▸ **EXERCISE GOAL**
From the first line to the last, print the records exactly, leaving out the pictures.

**** INPUT

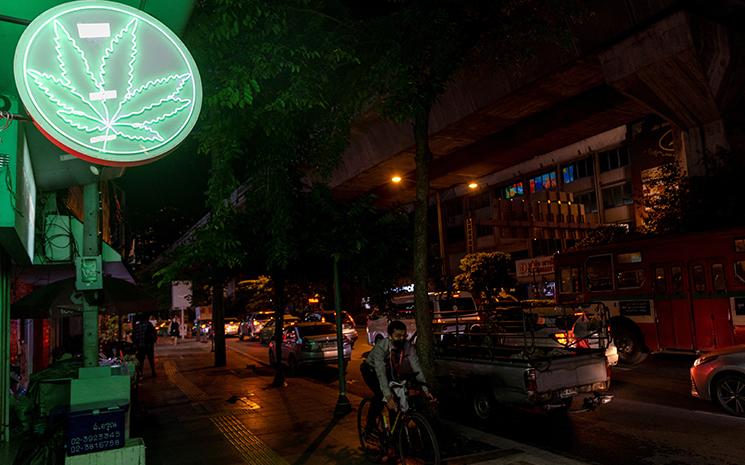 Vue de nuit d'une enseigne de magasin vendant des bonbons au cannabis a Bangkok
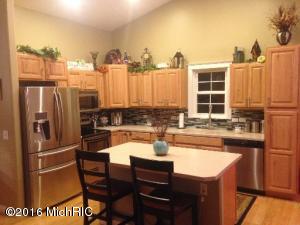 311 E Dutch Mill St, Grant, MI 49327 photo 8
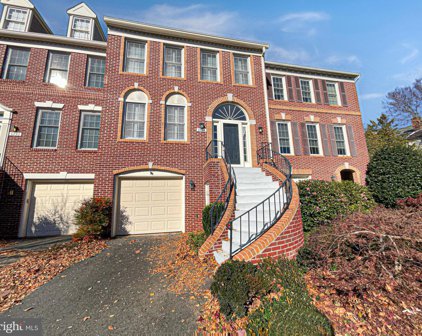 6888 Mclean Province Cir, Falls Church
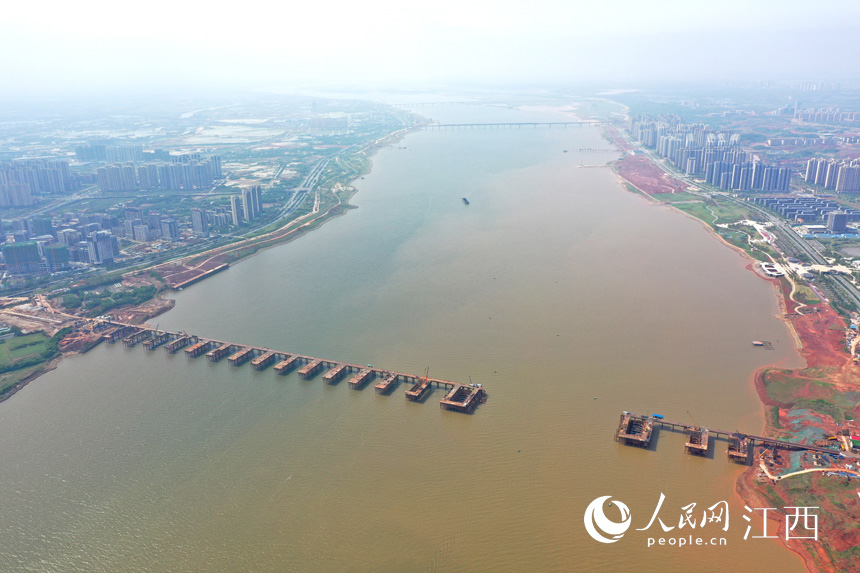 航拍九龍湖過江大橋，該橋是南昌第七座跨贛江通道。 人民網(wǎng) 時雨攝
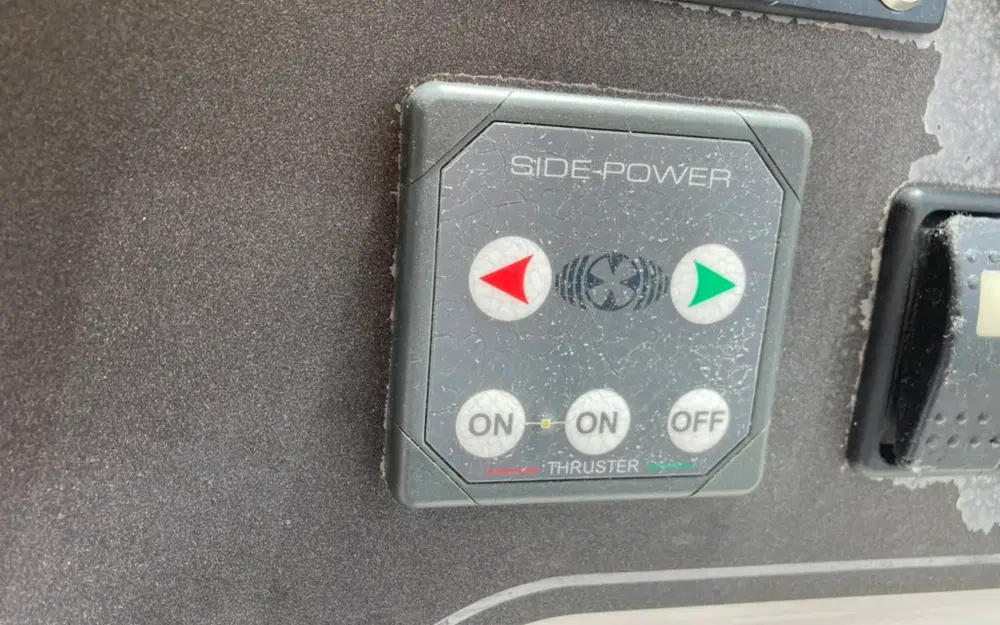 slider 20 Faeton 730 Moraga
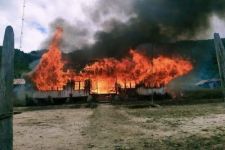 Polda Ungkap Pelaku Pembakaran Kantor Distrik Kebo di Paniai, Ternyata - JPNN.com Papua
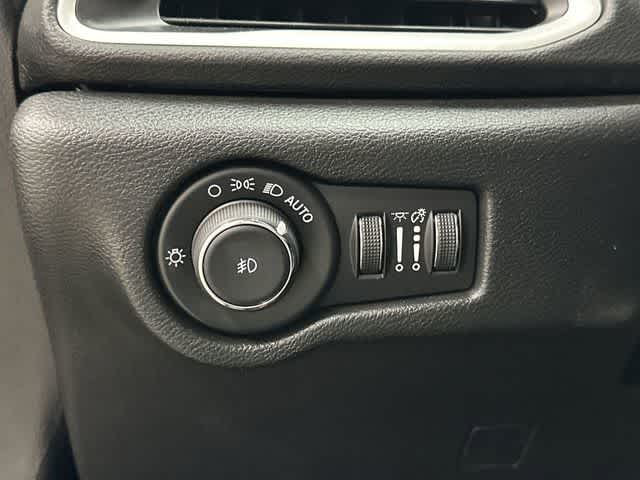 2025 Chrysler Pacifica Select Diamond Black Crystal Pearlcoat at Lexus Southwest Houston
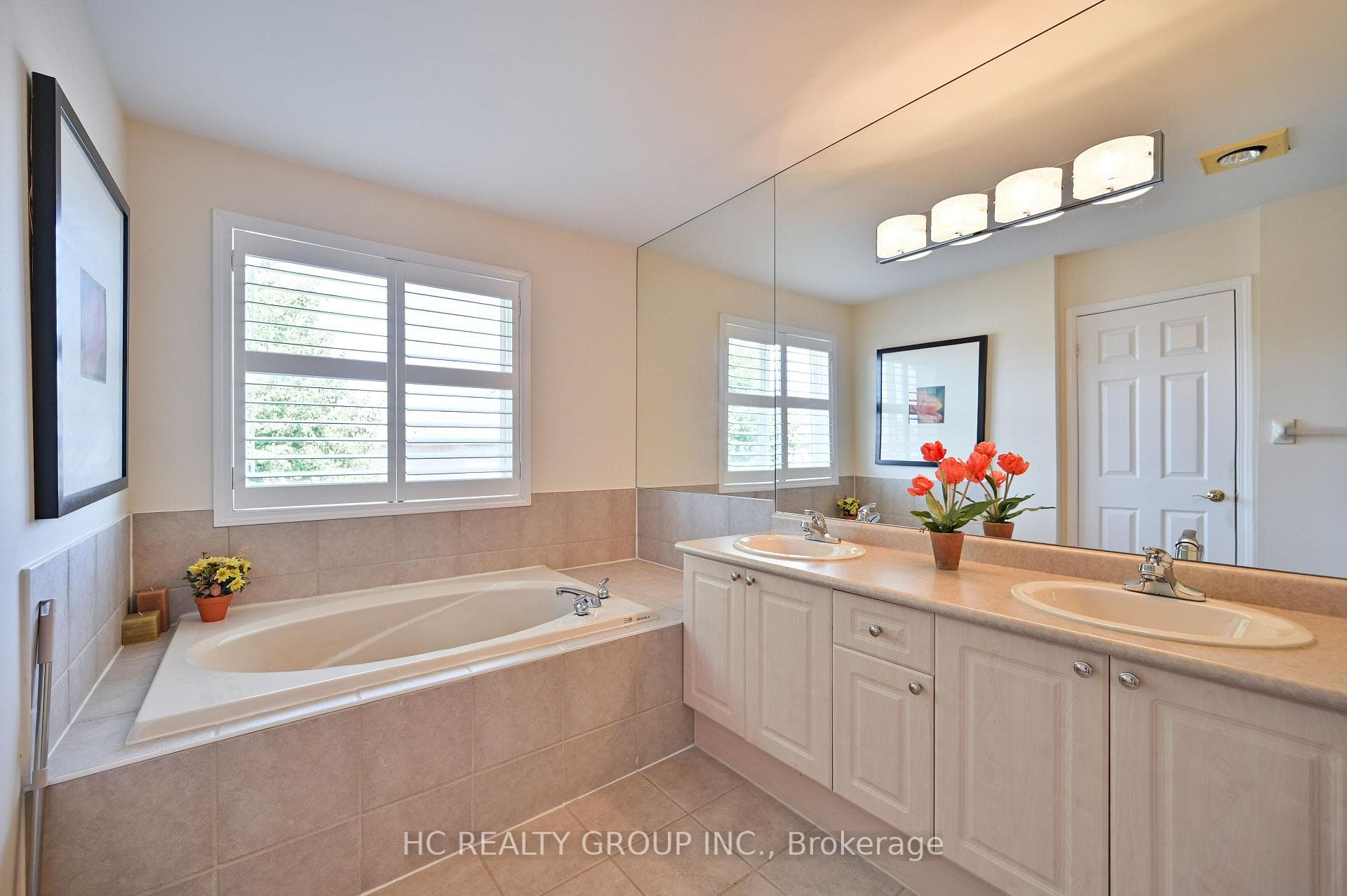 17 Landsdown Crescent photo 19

********

▸ **ANSWER BOX**
 Vue de nuit d'une enseigne de magasin vendant des bonbons au cannabis a Bangkok
 311 E Dutch Mill St, Grant, MI 49327 photo 8
 6888 Mclean Province Cir, Falls Church
 航拍九龍湖過江大橋，該橋是南昌第七座跨贛江通道。 人民網(wǎng) 時雨攝
 slider 20 Faeton 730 Moraga
 Polda Ungkap Pelaku Pembakaran Kantor Distrik Kebo di Paniai, Ternyata - JPNN.com Papua
 2025 Chrysler Pacifica Select Diamond Black Crystal Pearlcoat at Lexus Southwest Houston
 17 Landsdown Crescent photo 19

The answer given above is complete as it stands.